--- MATERIAL PROVIDED Enclosed Below ---

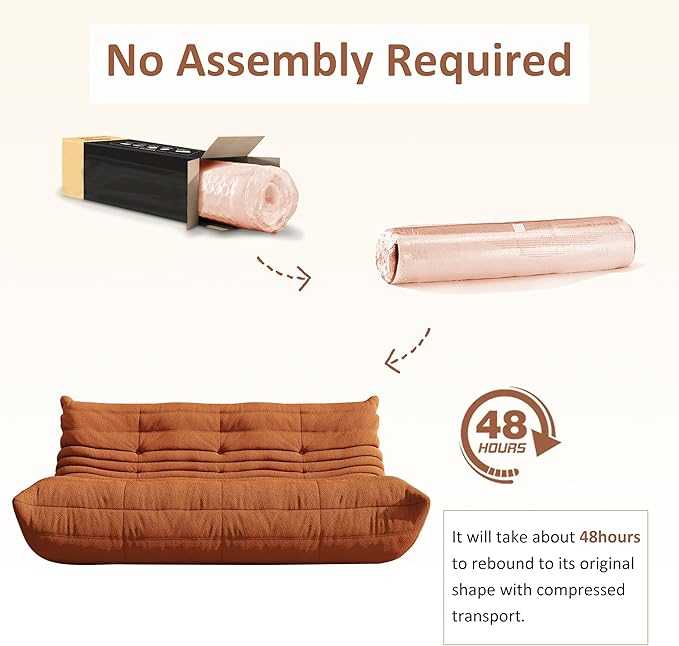 Bean Bag Chair, Oversized Bean Bag Chair for Living Room, Fireside Chair for Adults with Memory Foam Filled, Big Accent Lounge Floor Sofa for Reading, Relax, No Assembly Required. (Orange 3-Seater)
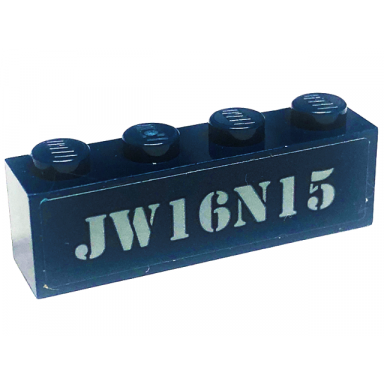dark blue brick 1 x 4 with jw16n15 pattern sticker - set 75928
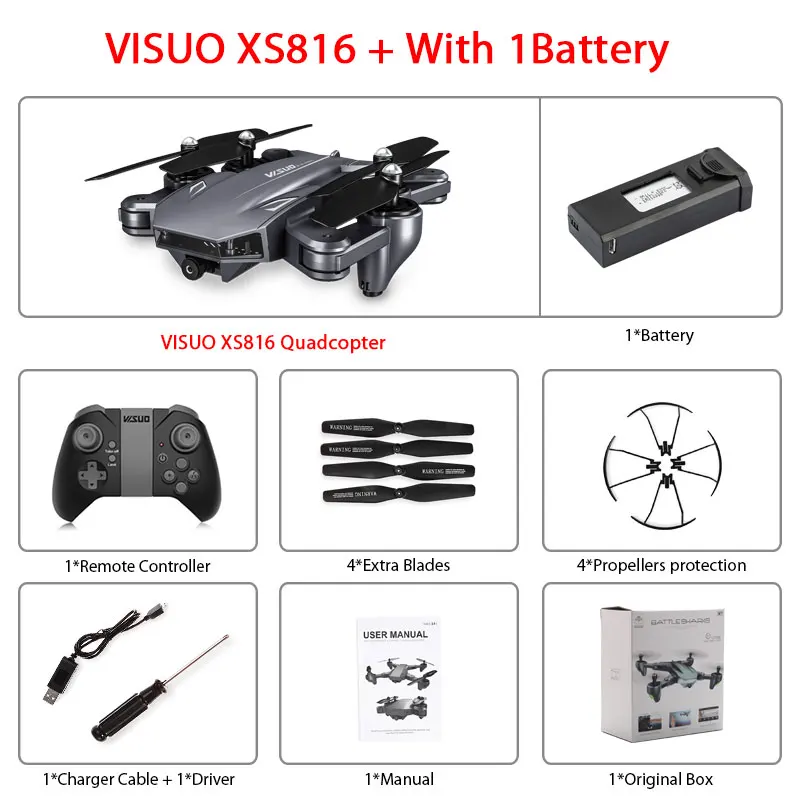 XS816 1B Box Visuo XS816 оптическое позиционирование потока Rc Квадрокоптер с двойной камерой 2mp Wifi FPV Дрон управление жестами Дрон Vs XS809HW XS809S - Цвет: XS816 1B Box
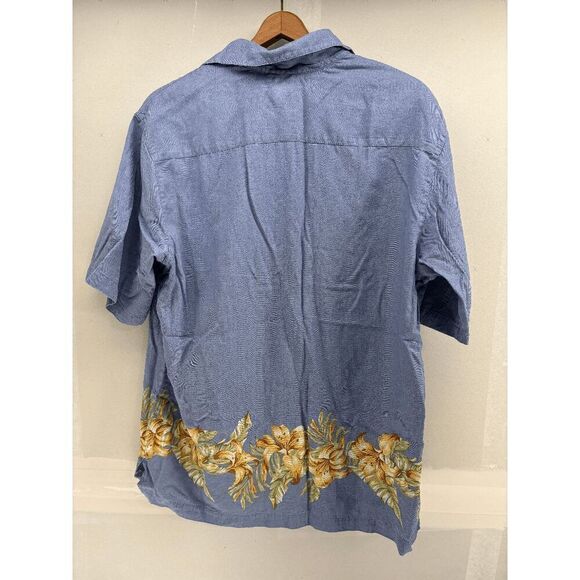 Caribbean Hawaiian Shirt Mens M Floral Button Up Short Sleeve Silk Blend EUC - Picture 2 of 4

--- End of Enclosed MATERIAL PROVIDED ---

» **GOAL OF THE EXERCISE**
Lines from the one that holds "XS816 1B Box Visuo" through the final line of the material are to be duplicated exactly; no pictures belong in the copy.

» **WORKED SOLUTION**
 XS816 1B Box Visuo XS816 оптическое позиционирование потока Rc Квадрокоптер с двойной камерой 2mp Wifi FPV Дрон управление жестами Дрон Vs XS809HW XS809S - Цвет: XS816 1B Box
 Caribbean Hawaiian Shirt Mens M Floral Button Up Short Sleeve Silk Blend EUC - Picture 2 of 4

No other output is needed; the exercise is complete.